On 7 February 2011, a non-partisan group of 'concerned Australians' — including former prime minister Malcolm Fraser, Professor Larissa Behrendt, Reverend Dr Djiniyini Gondarra OAM, the Hon. Alastair Nicholson, Reverend Alistair Macrae, The Hon. Elizabeth Evatt AC, Professor Fiona Stanley, Julian Burnside QC and Anglican Archbishop of Melbourne Phillip Freiere — released a statement expressing their concerns about 'the failure of the Federal Government, with the tacit support of the Opposition, to properly address problems facing Aboriginal people in the Northern Territory'.
These signatories note that the Intervention 'has been progressed without credible consultation with, or the approval of, Aboriginal people'.
It is important to note that there is no one homogenous view of the Intervention within Aboriginal Australia.
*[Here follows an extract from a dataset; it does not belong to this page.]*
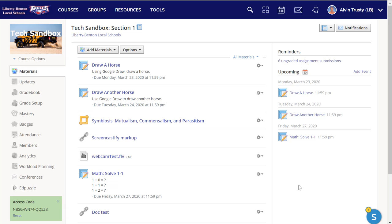Let me show you how to use the visual grader on a PC within Schoology. So I've logged into a course and I've got an assignment here, Draw Another Horse.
Prominent figures such as Marcia Langton, Noel Pearson and Bess Nungarrayi Price have welcomed it as a long-awaited initiative to help vulnerable children.
In 2009, Price wrote 'I am one of those people who embraced the Government's move. To me it meant at last somebody was acknowledging that there was a crisis and that it needed to be addressed.'
The 'concerned Australians' note that there 'are some limited aspects of the Intervention that have been viewed positively in some Aboriginal communities' and make it clear that 'it is the compulsory nature of the policies which are of concern'.
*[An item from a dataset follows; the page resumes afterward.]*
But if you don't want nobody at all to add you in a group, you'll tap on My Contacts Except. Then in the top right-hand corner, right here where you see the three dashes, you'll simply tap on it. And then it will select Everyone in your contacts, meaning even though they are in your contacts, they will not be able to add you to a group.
They argue that positive change 'requires respect and genuine engagement with the people themselves at the local level, rather than an isolated policy development in Canberra'.
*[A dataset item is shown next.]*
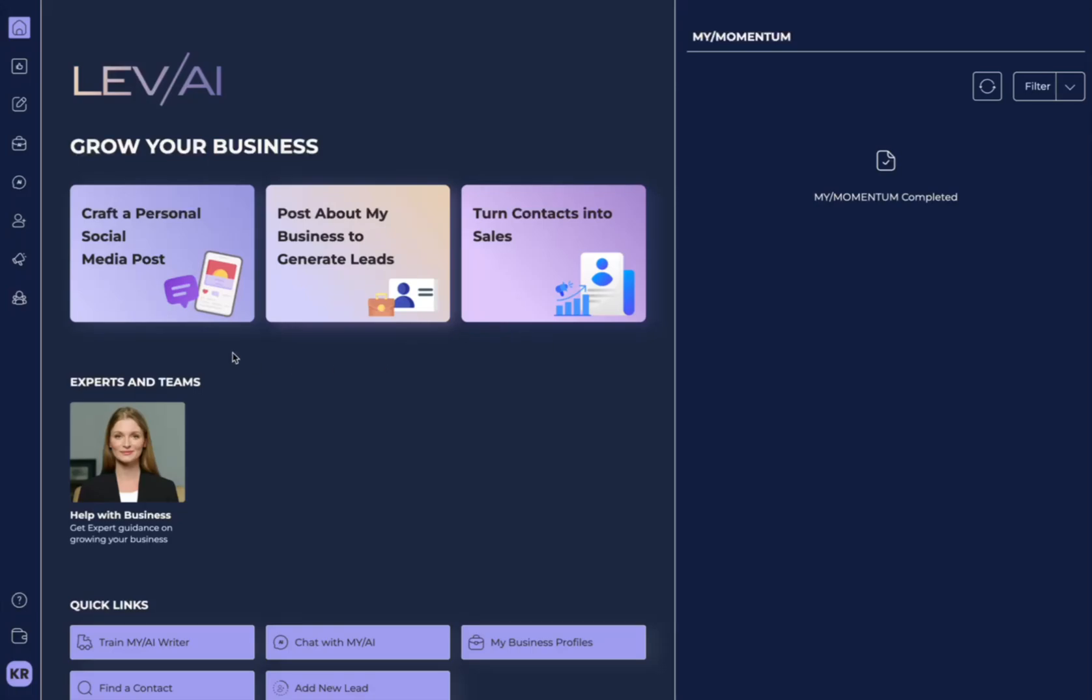Let's dive into one of our most exciting features, My AI Social's Instant Post. There's two different ways you can get there.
Importantly, the non-indigenous members of the 'concerned Australians' do not seek to speak for Aboriginal people; the statement coincided with an event at Melbourne Law School where elders from remote NT communities spoke on 'the impact of living under the Intervention'.
The Intervention necessitated suspending the Racial Discrimination Act (RDA) which it clearly contravened; the legislation imposed restrictions — such as compulsory income management for welfare recipients — only on 'prescribed [Aboriginal] communities'.
The Rudd/Gillard Government reinstated the RDA, but did not remove these restrictions. Instead, the relevant legislation was extended to all Northern Territory citizens. The 'concerned Australians' characterise this move as a mere 'veneer of non-discrimination' and 'call upon the Government to start afresh'.
In addition to concerns about discrimination, the statement suggests the Intervention is failing on its own terms. For instance, the signatories note that despite the removal of the welfare entitlements of those whose children fail to attend school, 'recent figures from the NT Department of Education show a steady fall in attendance at schools in very remote areas between 2006-7 and 2009-10'.
They charge, in effect, that the Intervention is being maintained in spite of evidence as to its counter-productiveness.
Similarly, Professor Jon Altman of the ANU argued last year that the 'state policy of normalisation is not delivering even by its own benchmarks. This is unconscionable policy failure without any apparent policy risk assessment or contingency planning.'
The 'concerned Australians' conclude that the 'policy approach must move from one of bureaucratic control by Canberra to one of recognition of Aboriginal leadership, negotiation, capacity building and direct input by Aboriginal people ... Without the direct engagement with Aboriginal people, policy changes will fail.'
The political year is still young. Whether 2011 will herald any change, though, remains to be seen.
Sarah Burnside is a Perth-based lawyer and freelance writer.